• [Required work]: The lines below are to be quoted exactly, from the first through the one that contains "Sat Lantas Polres".

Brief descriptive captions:
- - - - - - -

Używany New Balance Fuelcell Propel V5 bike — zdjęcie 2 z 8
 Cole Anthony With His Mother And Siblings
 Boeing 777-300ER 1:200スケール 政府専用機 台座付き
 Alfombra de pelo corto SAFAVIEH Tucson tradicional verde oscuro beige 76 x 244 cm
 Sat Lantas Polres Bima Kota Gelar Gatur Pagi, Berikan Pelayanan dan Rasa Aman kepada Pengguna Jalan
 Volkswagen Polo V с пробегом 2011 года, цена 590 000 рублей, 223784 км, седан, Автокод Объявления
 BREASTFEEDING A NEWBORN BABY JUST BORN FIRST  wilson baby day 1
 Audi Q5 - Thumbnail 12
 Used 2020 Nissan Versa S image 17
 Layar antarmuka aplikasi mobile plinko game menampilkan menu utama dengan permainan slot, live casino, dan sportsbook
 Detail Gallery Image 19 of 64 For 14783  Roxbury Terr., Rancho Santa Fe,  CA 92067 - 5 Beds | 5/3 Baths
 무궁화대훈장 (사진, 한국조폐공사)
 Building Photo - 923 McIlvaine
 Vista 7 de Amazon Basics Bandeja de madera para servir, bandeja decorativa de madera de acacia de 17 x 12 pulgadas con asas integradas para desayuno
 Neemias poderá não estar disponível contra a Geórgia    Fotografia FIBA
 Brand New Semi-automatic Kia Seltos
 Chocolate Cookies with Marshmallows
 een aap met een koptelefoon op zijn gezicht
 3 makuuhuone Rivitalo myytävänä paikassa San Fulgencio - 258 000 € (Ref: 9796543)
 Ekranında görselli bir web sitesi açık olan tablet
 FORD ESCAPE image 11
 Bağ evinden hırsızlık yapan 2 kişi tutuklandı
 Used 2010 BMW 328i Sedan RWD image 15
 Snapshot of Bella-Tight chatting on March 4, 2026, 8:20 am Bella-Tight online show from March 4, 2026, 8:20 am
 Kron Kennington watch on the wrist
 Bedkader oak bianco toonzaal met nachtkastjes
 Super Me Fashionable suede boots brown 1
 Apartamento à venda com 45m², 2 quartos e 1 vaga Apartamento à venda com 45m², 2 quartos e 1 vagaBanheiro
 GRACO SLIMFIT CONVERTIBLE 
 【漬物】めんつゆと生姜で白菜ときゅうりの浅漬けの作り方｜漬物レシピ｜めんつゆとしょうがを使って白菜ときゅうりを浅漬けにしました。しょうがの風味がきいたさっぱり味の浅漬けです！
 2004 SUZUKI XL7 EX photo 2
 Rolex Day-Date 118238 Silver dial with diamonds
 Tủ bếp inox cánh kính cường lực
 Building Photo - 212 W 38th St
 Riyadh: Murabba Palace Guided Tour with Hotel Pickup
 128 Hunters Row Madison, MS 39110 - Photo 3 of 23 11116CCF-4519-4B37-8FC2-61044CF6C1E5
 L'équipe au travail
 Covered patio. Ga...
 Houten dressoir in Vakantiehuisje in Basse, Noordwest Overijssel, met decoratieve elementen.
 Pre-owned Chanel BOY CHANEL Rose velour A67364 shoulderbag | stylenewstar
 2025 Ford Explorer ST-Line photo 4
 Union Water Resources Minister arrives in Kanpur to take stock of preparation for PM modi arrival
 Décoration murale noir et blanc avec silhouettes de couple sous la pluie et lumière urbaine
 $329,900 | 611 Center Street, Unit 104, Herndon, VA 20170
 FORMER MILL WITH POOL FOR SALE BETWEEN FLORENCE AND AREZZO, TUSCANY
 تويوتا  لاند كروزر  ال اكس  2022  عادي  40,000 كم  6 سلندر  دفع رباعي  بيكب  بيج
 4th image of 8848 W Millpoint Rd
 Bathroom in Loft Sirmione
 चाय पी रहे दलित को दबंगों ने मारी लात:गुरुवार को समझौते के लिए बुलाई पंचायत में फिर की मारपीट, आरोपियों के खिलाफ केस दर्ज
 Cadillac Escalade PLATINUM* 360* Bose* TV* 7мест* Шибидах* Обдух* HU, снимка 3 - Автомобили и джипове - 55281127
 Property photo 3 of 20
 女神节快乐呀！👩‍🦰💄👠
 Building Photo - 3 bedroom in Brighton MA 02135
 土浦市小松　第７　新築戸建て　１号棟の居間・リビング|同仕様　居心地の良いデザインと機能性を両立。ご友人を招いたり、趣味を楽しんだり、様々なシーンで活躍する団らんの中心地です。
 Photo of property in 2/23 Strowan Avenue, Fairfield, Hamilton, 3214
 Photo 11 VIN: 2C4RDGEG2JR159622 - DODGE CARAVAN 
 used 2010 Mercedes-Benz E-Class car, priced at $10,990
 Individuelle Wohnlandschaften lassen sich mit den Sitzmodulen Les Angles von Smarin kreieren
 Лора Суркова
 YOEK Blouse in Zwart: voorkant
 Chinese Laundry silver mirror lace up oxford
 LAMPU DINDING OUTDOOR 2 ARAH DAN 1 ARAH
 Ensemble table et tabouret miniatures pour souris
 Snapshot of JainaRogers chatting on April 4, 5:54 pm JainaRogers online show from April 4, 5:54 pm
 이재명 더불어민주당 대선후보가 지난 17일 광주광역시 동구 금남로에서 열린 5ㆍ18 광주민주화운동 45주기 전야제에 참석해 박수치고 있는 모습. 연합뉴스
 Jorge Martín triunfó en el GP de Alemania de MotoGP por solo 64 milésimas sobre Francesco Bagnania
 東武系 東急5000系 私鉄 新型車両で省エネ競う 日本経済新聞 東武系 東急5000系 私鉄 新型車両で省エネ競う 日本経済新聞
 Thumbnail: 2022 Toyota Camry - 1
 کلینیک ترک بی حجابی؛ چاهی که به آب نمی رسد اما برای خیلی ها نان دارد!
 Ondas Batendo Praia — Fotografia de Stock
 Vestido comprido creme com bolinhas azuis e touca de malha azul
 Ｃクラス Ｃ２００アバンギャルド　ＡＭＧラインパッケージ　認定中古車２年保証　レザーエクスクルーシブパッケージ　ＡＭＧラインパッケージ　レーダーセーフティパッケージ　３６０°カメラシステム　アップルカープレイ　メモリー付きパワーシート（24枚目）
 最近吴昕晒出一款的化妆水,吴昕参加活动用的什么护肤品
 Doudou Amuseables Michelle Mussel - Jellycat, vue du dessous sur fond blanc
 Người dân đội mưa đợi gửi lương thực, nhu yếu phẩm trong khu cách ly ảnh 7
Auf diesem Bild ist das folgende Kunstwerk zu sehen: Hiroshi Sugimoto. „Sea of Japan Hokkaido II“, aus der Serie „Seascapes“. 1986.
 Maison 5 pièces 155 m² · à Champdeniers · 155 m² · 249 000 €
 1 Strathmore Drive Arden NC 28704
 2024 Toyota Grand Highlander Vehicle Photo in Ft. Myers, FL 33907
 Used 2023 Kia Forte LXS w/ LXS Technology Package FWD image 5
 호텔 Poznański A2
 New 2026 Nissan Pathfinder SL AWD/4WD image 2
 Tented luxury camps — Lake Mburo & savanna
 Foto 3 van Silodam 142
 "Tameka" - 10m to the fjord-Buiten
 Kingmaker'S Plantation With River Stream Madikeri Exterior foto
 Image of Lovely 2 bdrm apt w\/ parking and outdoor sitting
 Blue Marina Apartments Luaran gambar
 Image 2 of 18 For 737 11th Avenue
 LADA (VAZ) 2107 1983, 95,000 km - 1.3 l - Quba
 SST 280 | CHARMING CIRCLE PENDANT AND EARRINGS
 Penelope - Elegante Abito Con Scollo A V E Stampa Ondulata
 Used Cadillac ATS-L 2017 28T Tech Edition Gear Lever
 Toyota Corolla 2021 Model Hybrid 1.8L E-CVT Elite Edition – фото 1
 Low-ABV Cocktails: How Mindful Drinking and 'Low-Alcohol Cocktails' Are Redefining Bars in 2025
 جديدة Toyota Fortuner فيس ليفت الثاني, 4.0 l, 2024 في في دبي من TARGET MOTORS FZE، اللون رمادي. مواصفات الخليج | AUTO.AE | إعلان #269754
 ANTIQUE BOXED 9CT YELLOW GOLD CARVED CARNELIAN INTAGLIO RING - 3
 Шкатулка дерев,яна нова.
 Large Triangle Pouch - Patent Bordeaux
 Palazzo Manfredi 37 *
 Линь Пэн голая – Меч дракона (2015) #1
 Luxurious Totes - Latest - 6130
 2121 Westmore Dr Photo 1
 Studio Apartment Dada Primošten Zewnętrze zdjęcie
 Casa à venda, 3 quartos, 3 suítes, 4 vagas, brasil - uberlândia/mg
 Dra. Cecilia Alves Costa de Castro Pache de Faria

- - - - - - -

• [Completed exercise]:
Używany New Balance Fuelcell Propel V5 bike — zdjęcie 2 z 8
 Cole Anthony With His Mother And Siblings
 Boeing 777-300ER 1:200スケール 政府専用機 台座付き
 Alfombra de pelo corto SAFAVIEH Tucson tradicional verde oscuro beige 76 x 244 cm
 Sat Lantas Polres Bima Kota Gelar Gatur Pagi, Berikan Pelayanan dan Rasa Aman kepada Pengguna Jalan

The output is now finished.